THE STATE OF TEXAS, Appellee
On Appeal from the 202nd Judicial District Court
Bowie County, Texas
Trial Court No. 03F0103-202
Before Morriss, C.J., Ross and Carter, JJ.
Opinion by Chief Justice Morriss
O P I N I O N
The search warrant and its underlying probable-cause affidavit, used to justify a search for, and seizure of, cocaine in the possession of Ronnie Cole, Jr., are both independently signed and dated by Justice of the Peace Gibson "Hoot" Hadaway on a separate page attached to the main body of the respective document. But in each case, the separate signature page is in the form of a magistrate's verification of another's signature; obviously, language intended to be attached only to the affidavit, not to the warrant itself. In the trial court, Cole unsuccessfully sought to suppress the use of cocaine as evidence, evidence which is obviously key in Cole's conviction. The sole issue on Cole's appeal is whether the search warrant is valid in light of the signature requirements of Article 18.04(4) of the Texas Code of Criminal Procedure. We affirm the trial court's judgment because, regardless of the questionable language preceding the magistrate's separate signature on the warrant, the good-faith exception applies here to uphold the trial court's decision to admit the seized evidence.

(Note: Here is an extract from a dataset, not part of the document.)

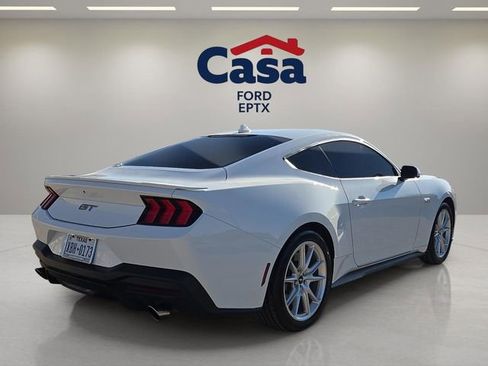 Used 2025 Ford Mustang GT Premium image 3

At a hearing on a motion to suppress, the trial court is the sole trier of fact and evaluates witness testimony and credibility. Estrada v. State, 154 S.W.3d 604, 607 (Tex. Crim. App. 2005). When reviewing a trial court's denial of a motion to suppress, we employ a bifurcated standard of review. Id. We afford great deference to the trial court's determination of historical facts and application of law to fact questions, which turn on an evaluation of credibility and demeanor of the witnesses. Guzman v. State, 955 S.W.2d 85, 89 (Tex. Crim. App. 1997). We review de novo the trial court's rulings on mixed questions of fact and law when those questions do not center on an evaluation of credibility and demeanor. Id. In the absence of explicit findings of fact, we review the evidence in a light most favorable to the trial court's ruling. Estrada, 154 S.W.3d at 607. We will uphold the trial court's ruling on a motion to suppress if it is reasonably supported by the record and is correct on any theory of law applicable to the case. Id.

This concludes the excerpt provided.